Background: I am currently entering my fourth year , non- circuital branch doing my internship preparation . My genuine interest lies in Data Science and Machine Learning (I’m already comfortable with Python, SQL, Pandas, NumPy, and Scikit-learn), but I am getting some conflicting advice from peers on how to strategize my prep, I currently have my on-campus internships scheduled next semester.

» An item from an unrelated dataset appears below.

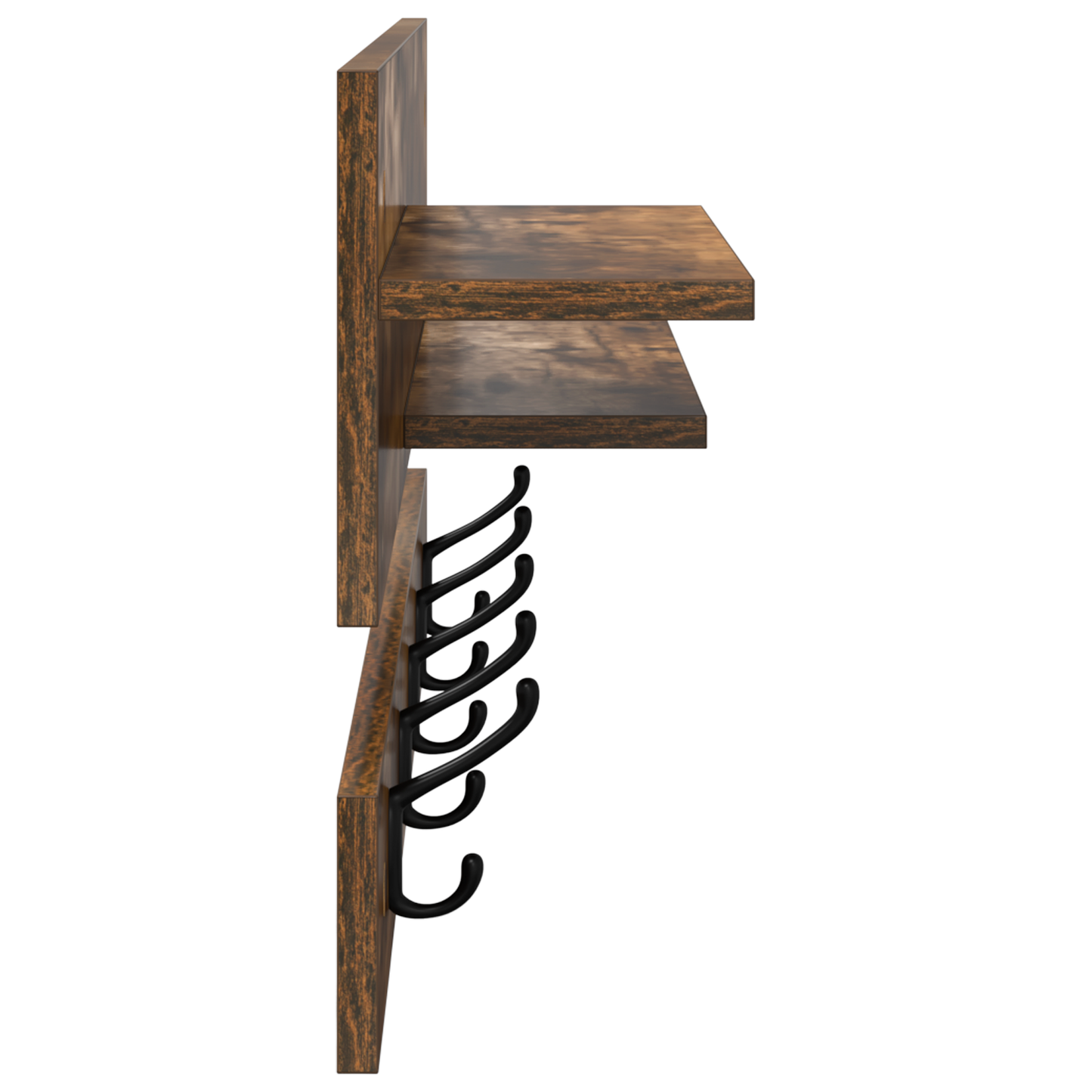 Wandgemonteerde kapstok met plank Gerookt eiken 90 x 15 x 36 cm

I’d really appreciate some insights from folks in the industry:

  1. Math Depth: I am currently learning Probability & Statistics from the STAT110 YouTube lectures since I didn't have a formal course for it in my major. It feels very theory-heavy. How much mathematical depth is realistically expected in Data Science/ML interviews versus actual industry work?
  2. P&S Prioritization: Considering the vastness of Probability & Statistics, which specific topics are genuinely important to prioritize for DS/ML roles, and what can safely be skipped?
  3. Interview Practice: What are the best resources or platforms to practice interview-oriented Probability & Statistics questions?
  4. The Career Dilemma (SWE vs DS): Many advise targeting SWE internships first because opportunities are way more abundant, and then switching to ML internally later. Should I follow this route to maximize my placement chances, or stick to my genuine interest and focus entirely on Data Science without splitting my effort ? The reason that my peers give to apply to all companies is that atleast you will have some chance in getting selected in a good company because the number of data companies is far less the software engineering that come to our campus, and off-campus is way more difficult than on-campus internships BUT I am 100% sure that I won't be going into software engineering later.
  5. DSA Requirements: I am currently practicing DSA (using Striver's sheet). How deep do I need to go into DSA specifically for Data Science roles? Is standard interview-level proficiency enough, or is competitive-programming-level expected? P.S. I have seen a good number of data companies ask DSA in online assessments like
    • Google
    • Microsoft
    • Amazon
    • Uber
    • Atlassian
    • Adobe
    • Walmart Global Tech
    • Flipkart
    • Swiggy
    • Zomato
  • Internship Screening: What factors matter the most when recruiters look at applications for Data Science internships, especially for someone coming from a non-CS engineering branch?
  • Standing Out: What specific skills, topics, or types of projects actually make a candidate's profile stand out from the crowd for DS/ML roles?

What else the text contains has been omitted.